US focus on blocking China’s 5G technology misses bigger manufacturing risk
- Venture capitalist Sean O’Sullivan says divided technology landscape would hand China an advantage
- Competing US and Chinese technologies will force third countries to choose between systems
China’s Great Firewall, erected over the past 15 years to restrict domestic access to the internet, may be a bigger problem than concerns over the spread of China’s 5G technology, according to a US venture capital investor.
Fears that networking equipment manufactured by China’s national champion Huawei Technologies could offer Beijing a back door to spy on computer networks may not be as big a deal as China’s Great Firewall effectively dictating how devices connected via this new technology will be manufactured, the investor said.
“By having a bifurcated internet, it has created a very effective trade barrier for hardware.

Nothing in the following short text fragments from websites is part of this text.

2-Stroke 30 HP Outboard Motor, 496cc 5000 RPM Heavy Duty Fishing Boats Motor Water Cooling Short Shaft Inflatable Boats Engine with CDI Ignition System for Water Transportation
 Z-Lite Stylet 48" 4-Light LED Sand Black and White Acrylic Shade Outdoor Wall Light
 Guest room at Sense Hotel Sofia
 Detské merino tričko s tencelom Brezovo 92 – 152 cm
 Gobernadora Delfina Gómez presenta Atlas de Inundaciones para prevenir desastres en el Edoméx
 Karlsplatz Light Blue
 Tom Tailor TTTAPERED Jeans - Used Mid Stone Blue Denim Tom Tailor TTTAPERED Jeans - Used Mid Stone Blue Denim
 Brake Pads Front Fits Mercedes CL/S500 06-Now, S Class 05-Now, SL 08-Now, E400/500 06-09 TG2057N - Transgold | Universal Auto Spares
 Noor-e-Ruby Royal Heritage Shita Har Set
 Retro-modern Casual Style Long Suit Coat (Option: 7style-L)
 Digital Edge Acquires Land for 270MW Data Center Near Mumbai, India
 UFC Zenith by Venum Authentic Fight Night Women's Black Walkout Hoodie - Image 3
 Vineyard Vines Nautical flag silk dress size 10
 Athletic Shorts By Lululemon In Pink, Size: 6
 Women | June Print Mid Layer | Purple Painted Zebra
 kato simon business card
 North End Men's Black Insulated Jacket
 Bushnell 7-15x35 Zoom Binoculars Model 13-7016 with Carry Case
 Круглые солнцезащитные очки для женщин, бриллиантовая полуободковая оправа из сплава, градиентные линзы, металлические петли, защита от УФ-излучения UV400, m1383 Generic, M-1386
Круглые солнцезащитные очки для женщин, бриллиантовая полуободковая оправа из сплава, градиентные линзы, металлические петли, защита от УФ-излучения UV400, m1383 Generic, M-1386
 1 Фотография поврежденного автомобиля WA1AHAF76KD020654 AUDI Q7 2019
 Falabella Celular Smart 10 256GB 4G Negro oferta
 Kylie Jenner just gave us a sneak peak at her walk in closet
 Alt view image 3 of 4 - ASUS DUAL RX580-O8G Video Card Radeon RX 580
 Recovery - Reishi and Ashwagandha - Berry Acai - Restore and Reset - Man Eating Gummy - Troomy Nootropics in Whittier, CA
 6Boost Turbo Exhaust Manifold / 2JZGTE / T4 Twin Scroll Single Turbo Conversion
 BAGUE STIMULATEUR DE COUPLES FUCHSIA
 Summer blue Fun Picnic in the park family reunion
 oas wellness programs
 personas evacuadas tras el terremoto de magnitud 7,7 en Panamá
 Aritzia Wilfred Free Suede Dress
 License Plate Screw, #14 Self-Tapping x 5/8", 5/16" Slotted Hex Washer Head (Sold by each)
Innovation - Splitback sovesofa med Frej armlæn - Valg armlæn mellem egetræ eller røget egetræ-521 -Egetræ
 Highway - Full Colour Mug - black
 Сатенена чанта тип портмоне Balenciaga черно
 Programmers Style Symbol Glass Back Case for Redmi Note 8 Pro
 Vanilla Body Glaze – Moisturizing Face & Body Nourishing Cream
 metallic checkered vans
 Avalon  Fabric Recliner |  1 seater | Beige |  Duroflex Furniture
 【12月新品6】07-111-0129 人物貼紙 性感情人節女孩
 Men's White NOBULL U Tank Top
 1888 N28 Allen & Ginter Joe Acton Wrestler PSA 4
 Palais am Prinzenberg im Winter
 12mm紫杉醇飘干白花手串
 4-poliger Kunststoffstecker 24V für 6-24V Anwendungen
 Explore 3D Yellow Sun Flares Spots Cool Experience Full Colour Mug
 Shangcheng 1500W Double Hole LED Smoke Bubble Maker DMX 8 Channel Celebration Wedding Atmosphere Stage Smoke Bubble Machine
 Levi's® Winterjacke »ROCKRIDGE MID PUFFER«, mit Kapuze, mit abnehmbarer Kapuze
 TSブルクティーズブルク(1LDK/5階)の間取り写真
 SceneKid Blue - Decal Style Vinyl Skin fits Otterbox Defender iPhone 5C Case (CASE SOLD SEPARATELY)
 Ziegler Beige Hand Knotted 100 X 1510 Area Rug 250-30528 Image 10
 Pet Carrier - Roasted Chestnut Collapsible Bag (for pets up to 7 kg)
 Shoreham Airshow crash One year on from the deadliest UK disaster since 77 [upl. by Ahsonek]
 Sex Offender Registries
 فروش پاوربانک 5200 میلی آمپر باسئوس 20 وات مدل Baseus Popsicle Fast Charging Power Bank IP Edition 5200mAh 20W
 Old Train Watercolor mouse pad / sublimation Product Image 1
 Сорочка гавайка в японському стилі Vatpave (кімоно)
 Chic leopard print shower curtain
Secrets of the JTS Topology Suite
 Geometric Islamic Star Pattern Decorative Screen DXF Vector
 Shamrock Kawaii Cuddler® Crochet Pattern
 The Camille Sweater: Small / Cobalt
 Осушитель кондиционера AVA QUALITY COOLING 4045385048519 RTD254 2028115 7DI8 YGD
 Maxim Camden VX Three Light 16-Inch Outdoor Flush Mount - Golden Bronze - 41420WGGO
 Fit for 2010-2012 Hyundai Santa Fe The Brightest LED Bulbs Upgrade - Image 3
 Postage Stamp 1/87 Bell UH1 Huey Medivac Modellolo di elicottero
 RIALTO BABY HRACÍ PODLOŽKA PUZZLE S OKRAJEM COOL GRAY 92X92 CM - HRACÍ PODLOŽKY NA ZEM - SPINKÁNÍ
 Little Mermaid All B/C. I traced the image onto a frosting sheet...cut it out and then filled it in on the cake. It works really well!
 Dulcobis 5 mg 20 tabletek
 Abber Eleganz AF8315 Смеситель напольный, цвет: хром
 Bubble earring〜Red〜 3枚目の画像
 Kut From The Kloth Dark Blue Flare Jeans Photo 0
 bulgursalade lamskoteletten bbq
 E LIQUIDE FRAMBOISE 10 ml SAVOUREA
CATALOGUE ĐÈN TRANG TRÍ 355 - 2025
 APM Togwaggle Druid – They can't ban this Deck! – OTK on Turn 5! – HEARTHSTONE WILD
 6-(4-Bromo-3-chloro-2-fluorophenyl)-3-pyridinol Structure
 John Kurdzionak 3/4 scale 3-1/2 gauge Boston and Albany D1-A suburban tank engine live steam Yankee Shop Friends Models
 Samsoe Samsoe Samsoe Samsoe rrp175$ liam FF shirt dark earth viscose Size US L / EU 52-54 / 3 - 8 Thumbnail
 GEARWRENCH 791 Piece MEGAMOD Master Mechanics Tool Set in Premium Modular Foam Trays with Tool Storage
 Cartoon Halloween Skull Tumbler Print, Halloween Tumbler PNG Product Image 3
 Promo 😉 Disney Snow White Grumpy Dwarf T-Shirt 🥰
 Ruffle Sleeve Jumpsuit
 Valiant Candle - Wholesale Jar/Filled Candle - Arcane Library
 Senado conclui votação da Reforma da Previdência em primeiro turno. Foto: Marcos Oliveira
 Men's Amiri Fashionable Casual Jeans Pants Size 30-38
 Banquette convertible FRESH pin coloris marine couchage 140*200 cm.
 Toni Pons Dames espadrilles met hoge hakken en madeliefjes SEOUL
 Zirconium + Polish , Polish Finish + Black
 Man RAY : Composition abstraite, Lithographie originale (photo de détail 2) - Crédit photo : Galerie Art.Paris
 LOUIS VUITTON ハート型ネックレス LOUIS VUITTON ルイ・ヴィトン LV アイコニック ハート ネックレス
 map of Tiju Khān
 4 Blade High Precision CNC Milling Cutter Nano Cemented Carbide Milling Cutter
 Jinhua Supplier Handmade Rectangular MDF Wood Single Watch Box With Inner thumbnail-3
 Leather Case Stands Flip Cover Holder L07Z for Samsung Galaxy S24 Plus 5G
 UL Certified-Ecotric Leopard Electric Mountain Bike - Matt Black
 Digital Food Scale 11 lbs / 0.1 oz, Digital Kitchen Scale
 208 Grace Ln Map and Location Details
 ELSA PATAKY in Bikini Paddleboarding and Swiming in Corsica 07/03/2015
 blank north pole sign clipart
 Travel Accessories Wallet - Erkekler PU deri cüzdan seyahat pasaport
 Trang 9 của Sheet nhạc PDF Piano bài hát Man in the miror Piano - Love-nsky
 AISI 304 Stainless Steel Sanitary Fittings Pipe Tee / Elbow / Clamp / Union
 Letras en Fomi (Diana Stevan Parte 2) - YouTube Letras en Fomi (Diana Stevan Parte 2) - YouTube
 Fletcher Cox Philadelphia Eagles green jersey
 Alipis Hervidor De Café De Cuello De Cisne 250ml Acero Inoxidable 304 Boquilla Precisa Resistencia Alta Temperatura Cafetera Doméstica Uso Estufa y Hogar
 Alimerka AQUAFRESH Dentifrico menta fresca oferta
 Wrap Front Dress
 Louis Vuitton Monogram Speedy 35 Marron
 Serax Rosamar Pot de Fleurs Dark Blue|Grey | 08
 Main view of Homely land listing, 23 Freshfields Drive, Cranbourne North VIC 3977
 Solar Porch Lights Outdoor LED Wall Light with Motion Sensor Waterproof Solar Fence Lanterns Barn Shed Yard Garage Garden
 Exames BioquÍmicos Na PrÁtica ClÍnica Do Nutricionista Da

Everything that is being manufactured has to be for the China market and then the rest of the world market,” Sean O’Sullivan, founder of the US$650 million venture capital firm SOSV, said on the sidelines of the 2019 China Institute Executive Summit in New York.
“The Great Firewall used to be just for software. Now it applies to all manufactured things just because the connectivity of manufactured things is being built into everything,” he said in an interview on Thursday.
In China’s case, the creation of the firewall meant they had been rebuilding the internet in their own image for quite some time, O’Sullivan said, and whatever Washington was doing to forcefully stop Huawei on 5G would be overshadowed.